● **What is expected**
Of the lines in the material below, print only those from the one containing "TROPICAL LIQUEURS trademark" to the one containing "10K Simsa 2025", ends included, exactly as written and without pictures.

● **Recorded information**

----------

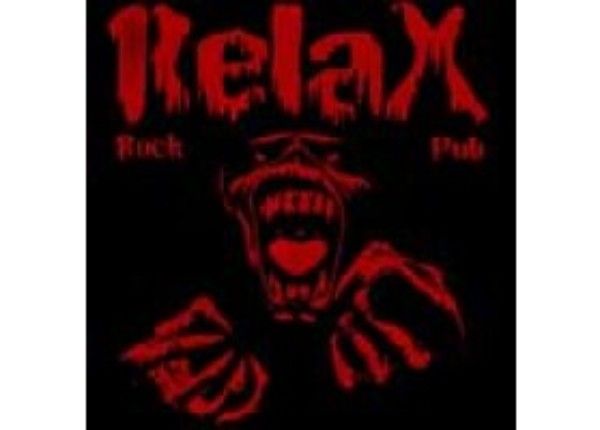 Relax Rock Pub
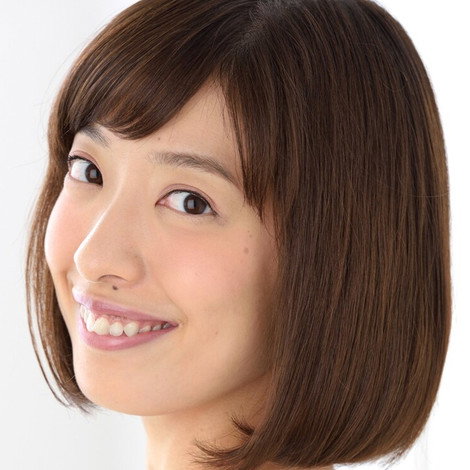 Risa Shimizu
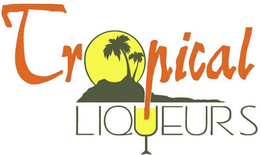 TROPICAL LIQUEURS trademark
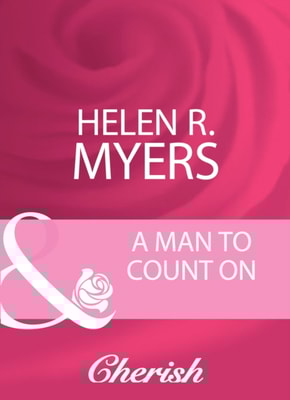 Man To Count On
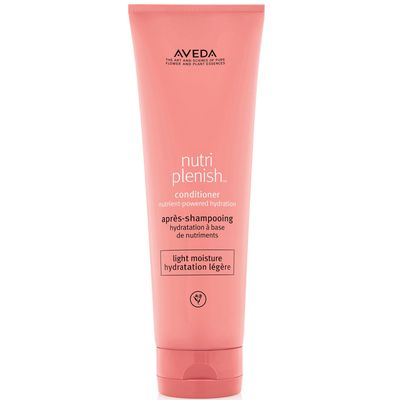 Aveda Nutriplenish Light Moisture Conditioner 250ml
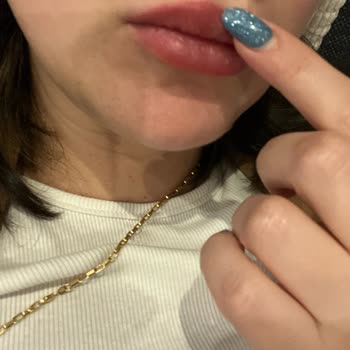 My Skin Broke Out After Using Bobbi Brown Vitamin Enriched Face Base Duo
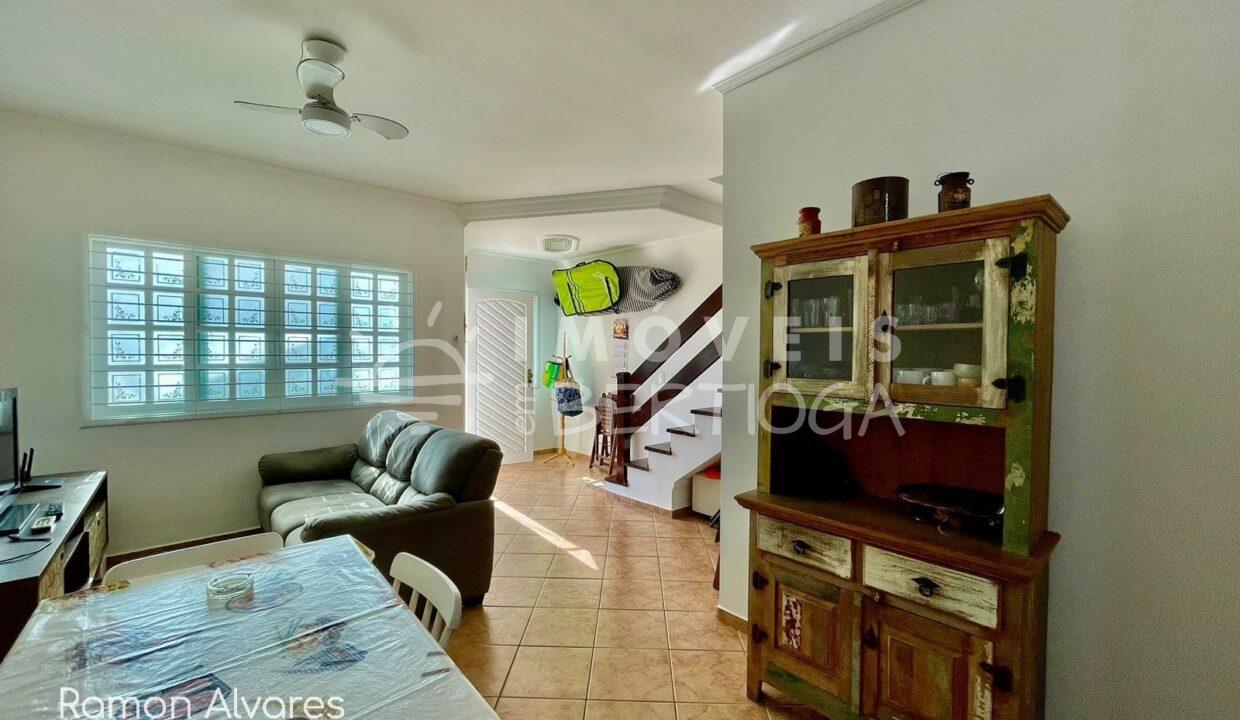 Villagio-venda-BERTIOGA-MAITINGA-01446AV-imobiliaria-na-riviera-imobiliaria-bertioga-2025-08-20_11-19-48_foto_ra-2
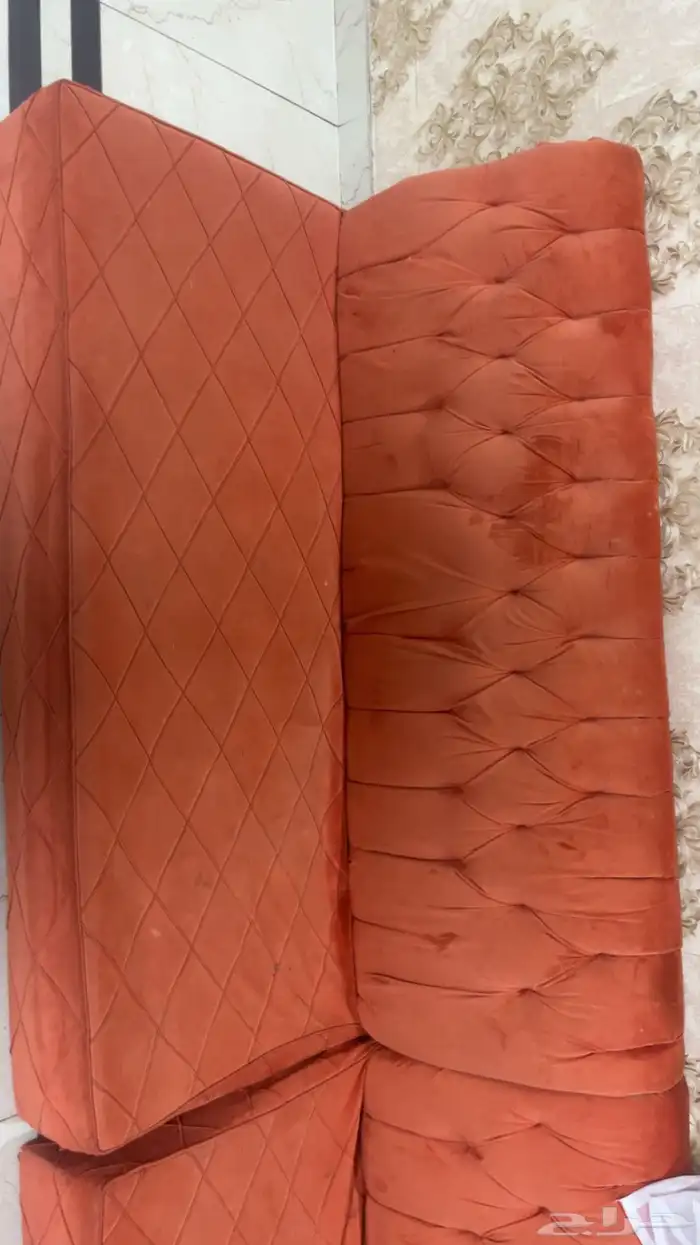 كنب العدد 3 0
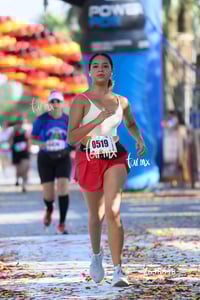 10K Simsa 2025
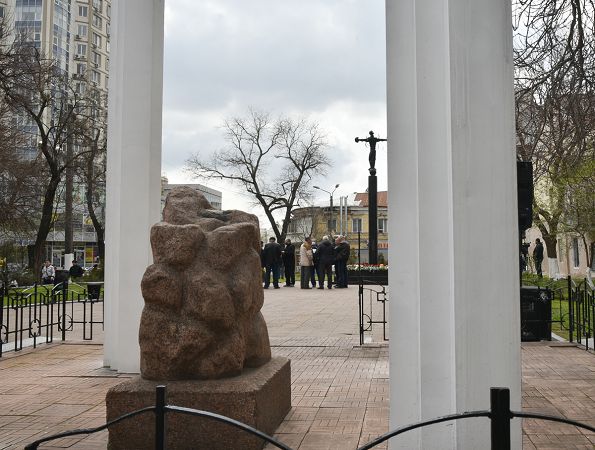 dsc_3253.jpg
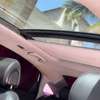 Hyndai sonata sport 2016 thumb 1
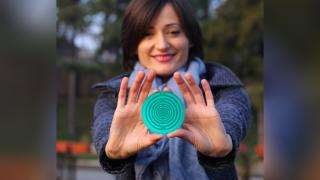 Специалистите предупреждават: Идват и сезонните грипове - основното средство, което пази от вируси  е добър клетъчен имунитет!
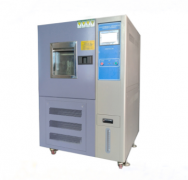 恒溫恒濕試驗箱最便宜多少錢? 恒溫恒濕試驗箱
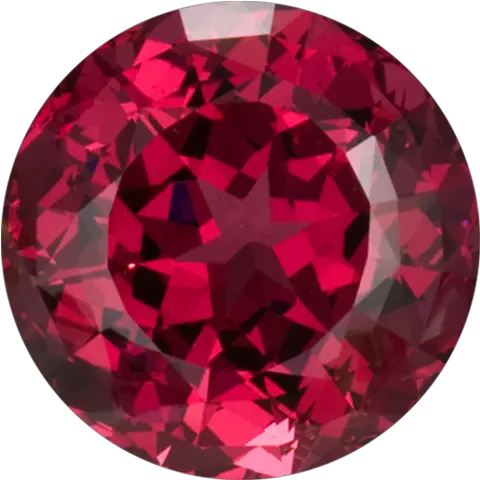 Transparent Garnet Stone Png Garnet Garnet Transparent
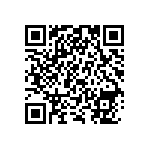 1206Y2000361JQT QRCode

----------

● **Task solution**
 TROPICAL LIQUEURS trademark
 Man To Count On
 Aveda Nutriplenish Light Moisture Conditioner 250ml
 My Skin Broke Out After Using Bobbi Brown Vitamin Enriched Face Base Duo
 Villagio-venda-BERTIOGA-MAITINGA-01446AV-imobiliaria-na-riviera-imobiliaria-bertioga-2025-08-20_11-19-48_foto_ra-2
 كنب العدد 3 0
 10K Simsa 2025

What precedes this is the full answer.